Achados e Perdidos, de José Joffily (Brasil, 2005)
por Francis Vogner dos Reis

Ponto de fuga

O gosto de José Joffily pela "natureza" do submundo, pelos marginais, pelos personagens fora de eixo talvez tenha encontrado em Achados e Perdidos uma forma, que se não é a mais original, é a mais pulsante, e aspira uma vitalidade que seus outros filmes de ficção (Dois Perdidos Numa Noite Suja e Quem Matou Pixote?, por exemplo) não têm. Talvez o fato de ter de lidar com os códigos mais rígidos do cinema de gênero (no caso o policial noir) tenha orientado o diretor a jogar com elementos cinematográficos mais objetivos, de maior efeito – o que em alguma medida também não deixa de ser mais arriscado e com resultados bem problemáticos.

As escolhas de Achados e Perdidos constituem uma espécie de via de mão dupla: o que insufla vida ao filme é o que também lhe nega uma liberdade que seria necessária para um filme pensado como este. Porque, na tentativa de contar uma "boa estória", Joffily se apóia no flashback como ponto de fuga, o que em doses homeopáticas localiza o espectador perante o drama e a condição dos personagens centrais. O flashback, aqui, não levanta questões, mas sim esgota as que são colocadas. Não se tem um jogo com o espectador, mas um jogo para o espectador. Não existe margem de dúvida, e o flashback acaba incitando a uma lei de causa e feito de uma objetividade um tanto pobre.

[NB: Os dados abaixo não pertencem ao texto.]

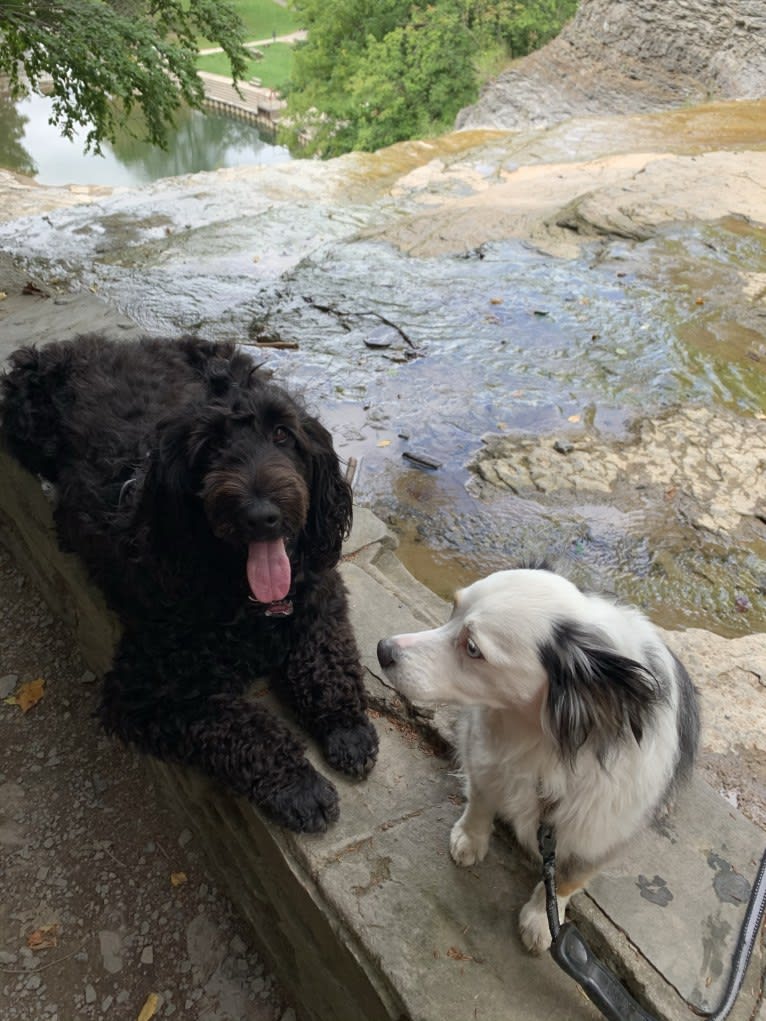 Juno, a Poodle (Standard) and English Cocker Spaniel mix tested with EmbarkVet.com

Apesar do diretor optar por uma nova investida ficcional em terreno diferente do resto de sua carreira, o relato sobre o ex-delegado interpretado por Antônio Fagundes, que tem sua namorada - uma prostituta interpretada por Zezé Polessa – assassinada, tem o mesmo mecanismo dos seus "dramas sociais" em que os personagens são suscetíveis a toda sorte de tragédias que só servem para constatar o azar dos fracos – para infelizmente, e mais uma vez, direcionar tudo o que tem em mãos para a realização de um comentário sobre o "país". Ë ai que se revela o limite deste cinema de José Joffily: um filme que começou cheio de possibilidades é subjugado pela tentativa de fazer um trabalho "coerente". Entenda-se coerência como um procedimento de auto-regulação do cineasta, que prefere um roteiro cheio de surpresas e espertezas e uma reflexão mais “aprofundada” sobre alguns temas de nossa realidade (no caso, na necessidade de um vilão, o gângster político é a escolha socialmente mais aceitável) do que explorar a capacidade ficcional de seus pontos de partida. Talvez se o cineasta buscasse como referência um pouco de Samuel Fuller (pois o filme carecia de uma moral de reação e não há exatamente uma reação) ou de Fritz Lang (no "estudo da vingança"), teríamos um filme diferente.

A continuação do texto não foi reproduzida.